§ **Given records**:
* * * * *

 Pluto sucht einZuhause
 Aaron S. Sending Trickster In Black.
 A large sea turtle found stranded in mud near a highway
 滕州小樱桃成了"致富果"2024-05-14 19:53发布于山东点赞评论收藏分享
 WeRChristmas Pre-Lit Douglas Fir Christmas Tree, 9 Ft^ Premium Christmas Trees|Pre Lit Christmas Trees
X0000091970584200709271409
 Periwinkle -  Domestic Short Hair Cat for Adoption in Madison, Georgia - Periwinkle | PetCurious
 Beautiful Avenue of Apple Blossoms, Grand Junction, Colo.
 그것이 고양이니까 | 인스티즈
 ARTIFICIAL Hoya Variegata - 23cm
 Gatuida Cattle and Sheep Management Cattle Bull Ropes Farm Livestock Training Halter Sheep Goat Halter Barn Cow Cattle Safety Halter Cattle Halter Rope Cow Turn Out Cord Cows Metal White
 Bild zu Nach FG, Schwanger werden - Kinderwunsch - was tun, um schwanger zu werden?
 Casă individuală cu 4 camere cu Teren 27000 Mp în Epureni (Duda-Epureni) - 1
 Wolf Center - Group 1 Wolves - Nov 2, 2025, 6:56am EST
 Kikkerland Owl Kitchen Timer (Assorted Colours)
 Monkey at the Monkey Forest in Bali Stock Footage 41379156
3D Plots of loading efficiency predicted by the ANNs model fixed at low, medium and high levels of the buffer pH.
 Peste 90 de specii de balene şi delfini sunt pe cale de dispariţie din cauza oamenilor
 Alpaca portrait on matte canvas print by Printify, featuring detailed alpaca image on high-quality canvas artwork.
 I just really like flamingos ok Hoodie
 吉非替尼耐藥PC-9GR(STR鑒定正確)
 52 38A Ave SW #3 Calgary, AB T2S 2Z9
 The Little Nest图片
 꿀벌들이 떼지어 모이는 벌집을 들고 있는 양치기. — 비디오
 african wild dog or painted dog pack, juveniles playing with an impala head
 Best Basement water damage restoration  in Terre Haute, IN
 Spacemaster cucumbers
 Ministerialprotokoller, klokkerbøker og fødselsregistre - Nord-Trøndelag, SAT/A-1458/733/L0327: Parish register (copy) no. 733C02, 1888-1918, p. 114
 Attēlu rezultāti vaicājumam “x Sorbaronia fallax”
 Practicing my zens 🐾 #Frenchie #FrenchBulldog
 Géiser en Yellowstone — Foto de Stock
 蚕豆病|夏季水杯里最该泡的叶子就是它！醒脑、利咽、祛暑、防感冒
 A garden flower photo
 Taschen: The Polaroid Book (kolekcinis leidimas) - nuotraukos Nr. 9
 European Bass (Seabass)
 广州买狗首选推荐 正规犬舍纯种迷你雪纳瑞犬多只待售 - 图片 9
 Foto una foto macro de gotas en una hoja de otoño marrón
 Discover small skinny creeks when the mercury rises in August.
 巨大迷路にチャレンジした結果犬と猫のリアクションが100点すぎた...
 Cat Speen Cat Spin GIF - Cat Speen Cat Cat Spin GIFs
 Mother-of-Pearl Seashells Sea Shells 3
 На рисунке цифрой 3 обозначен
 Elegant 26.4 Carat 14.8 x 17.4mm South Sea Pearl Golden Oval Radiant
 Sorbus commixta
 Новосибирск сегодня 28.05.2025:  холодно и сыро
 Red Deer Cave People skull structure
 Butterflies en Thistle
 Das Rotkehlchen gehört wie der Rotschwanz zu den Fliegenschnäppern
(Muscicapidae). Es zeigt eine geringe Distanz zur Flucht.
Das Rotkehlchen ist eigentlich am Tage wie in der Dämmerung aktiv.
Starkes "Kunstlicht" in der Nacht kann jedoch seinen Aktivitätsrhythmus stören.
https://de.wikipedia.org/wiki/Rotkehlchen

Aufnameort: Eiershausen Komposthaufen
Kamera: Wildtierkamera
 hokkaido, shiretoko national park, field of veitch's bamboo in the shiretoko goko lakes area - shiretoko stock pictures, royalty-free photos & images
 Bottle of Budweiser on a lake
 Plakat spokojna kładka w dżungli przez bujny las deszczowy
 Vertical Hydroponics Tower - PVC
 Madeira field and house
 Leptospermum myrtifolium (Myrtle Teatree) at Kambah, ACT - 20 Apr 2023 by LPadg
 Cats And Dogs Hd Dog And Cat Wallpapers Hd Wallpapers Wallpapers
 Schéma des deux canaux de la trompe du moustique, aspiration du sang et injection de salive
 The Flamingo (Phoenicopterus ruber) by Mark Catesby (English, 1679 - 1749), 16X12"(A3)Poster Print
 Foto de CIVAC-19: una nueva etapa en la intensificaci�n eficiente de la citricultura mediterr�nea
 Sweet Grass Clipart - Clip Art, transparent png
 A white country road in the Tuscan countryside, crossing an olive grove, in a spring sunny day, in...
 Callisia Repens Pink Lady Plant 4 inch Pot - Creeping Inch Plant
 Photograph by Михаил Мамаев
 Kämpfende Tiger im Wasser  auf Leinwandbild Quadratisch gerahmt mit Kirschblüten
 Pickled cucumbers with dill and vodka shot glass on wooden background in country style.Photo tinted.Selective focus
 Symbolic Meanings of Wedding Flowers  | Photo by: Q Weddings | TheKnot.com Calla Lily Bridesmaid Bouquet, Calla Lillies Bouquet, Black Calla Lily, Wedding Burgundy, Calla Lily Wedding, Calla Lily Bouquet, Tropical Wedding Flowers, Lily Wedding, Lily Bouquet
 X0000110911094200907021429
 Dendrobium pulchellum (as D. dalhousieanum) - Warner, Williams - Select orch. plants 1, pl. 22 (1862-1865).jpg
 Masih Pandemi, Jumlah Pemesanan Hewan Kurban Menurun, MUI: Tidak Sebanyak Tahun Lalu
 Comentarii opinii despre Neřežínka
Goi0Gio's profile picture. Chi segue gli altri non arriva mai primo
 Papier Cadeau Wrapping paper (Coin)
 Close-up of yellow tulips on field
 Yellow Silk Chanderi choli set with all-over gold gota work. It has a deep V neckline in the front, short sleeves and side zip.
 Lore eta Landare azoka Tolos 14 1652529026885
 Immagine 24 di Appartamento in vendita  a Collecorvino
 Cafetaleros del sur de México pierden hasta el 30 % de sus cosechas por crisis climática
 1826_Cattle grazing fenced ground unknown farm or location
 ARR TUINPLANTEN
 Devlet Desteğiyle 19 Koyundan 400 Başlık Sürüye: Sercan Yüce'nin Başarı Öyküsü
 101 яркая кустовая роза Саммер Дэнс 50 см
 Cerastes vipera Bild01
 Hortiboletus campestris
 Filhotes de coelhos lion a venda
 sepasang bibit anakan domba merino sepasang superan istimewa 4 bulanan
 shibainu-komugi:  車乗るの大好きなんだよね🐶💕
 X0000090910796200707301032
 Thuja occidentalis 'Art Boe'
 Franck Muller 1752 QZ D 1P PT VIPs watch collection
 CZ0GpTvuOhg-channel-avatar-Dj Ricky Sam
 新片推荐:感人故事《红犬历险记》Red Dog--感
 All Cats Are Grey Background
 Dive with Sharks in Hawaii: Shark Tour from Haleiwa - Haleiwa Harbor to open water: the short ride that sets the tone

* * * * *

§ **What to produce**: Your task is to retype the entries verbatim, starting with the line that holds "Plakat spokojna kładka" and stopping after the line that holds "Sweet Grass Clipart".

§ **Solution for this task**:
 Plakat spokojna kładka w dżungli przez bujny las deszczowy
 Vertical Hydroponics Tower - PVC
 Madeira field and house
 Leptospermum myrtifolium (Myrtle Teatree) at Kambah, ACT - 20 Apr 2023 by LPadg
 Cats And Dogs Hd Dog And Cat Wallpapers Hd Wallpapers Wallpapers
 Schéma des deux canaux de la trompe du moustique, aspiration du sang et injection de salive
 The Flamingo (Phoenicopterus ruber) by Mark Catesby (English, 1679 - 1749), 16X12"(A3)Poster Print
 Foto de CIVAC-19: una nueva etapa en la intensificaci�n eficiente de la citricultura mediterr�nea
 Sweet Grass Clipart - Clip Art, transparent png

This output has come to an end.